The voltage in a circuit is given by the formula V = 16t3 - 79t. Find the values for t for which V is a maximum or a minimum.
larger t in seconds =
smaller t in seconds =
My Answer:
V=16t^3-79t
V'=48t^2-79
0=48t^2-79
Sq root of 1.645833 = t
1.2829= t
V''=96t positive therefore a min
Larger t = 1.2829
smaller t = -1.2829
Can you please confirm this is correct.
looks good to me, but I wonder whether negative values of t make sense ...
Thanks Steve.
Your calculations are not correct. Let me guide you through the correct steps to find the values of t for which V is a maximum or minimum.

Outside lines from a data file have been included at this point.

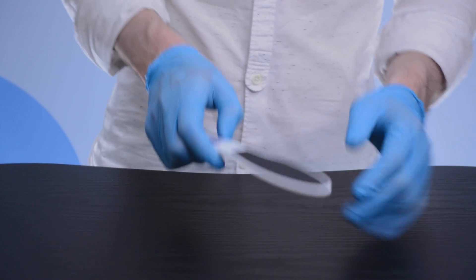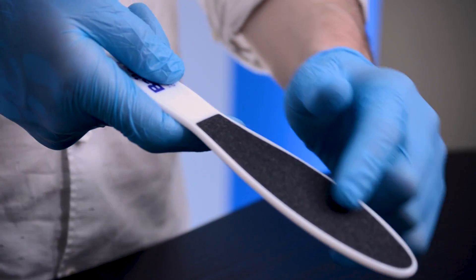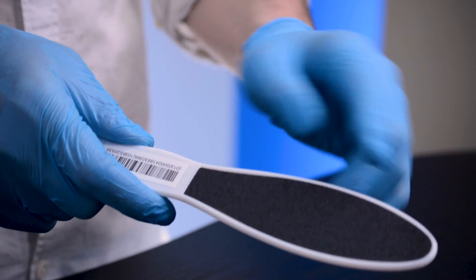This is our plastic handled paddle foot dresser. The design makes it easy to hold and the large paddle surface gives you plenty of coverage. It has two grades to cut, one on each side, to help give you a neater finish.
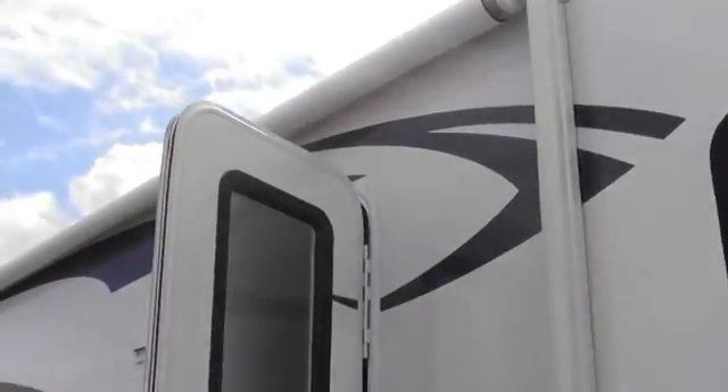Here's your Onan 4000 generator right there. Gas fill and then here's your dumps right here. 30-amp service and you've got all your dump stations right here, and then you can put your cable in right there.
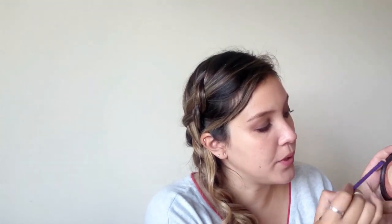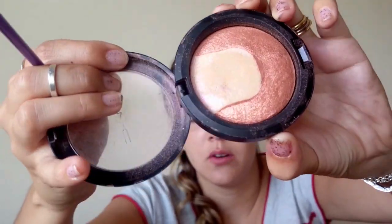Just to intensify the lash line a bit. Now I'm going with this highlight called Perfectly Poised. I take an accent brush, use a little bit of water, and pick up the lighter shade — it has a pink reflex. I apply that on my inner corner.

Given the equation V = 16t^3 - 79t, we need to find the critical points by setting the derivative V' equal to zero.
Step 1: Find the derivative of V with respect to t:
V' = dV/dt = 48t^2 - 79
Step 2: Set V' equal to zero and solve for t:
48t^2 - 79 = 0
Step 3: Solve the quadratic equation:
48t^2 = 79
t^2 = 79/48
t = ±sqrt(79/48)
Step 4: Simplify the square root and calculate the approximate values of t:
t ≈ ± 1.1087
Therefore, the approximate values for t when V is a maximum or minimum are t ≈ 1.1087 and t ≈ -1.1087.
To summarize:
Larger t in seconds ≈ 1.1087
Smaller t in seconds ≈ -1.1087
Please note that the values provided are approximate, as we rounded the square root.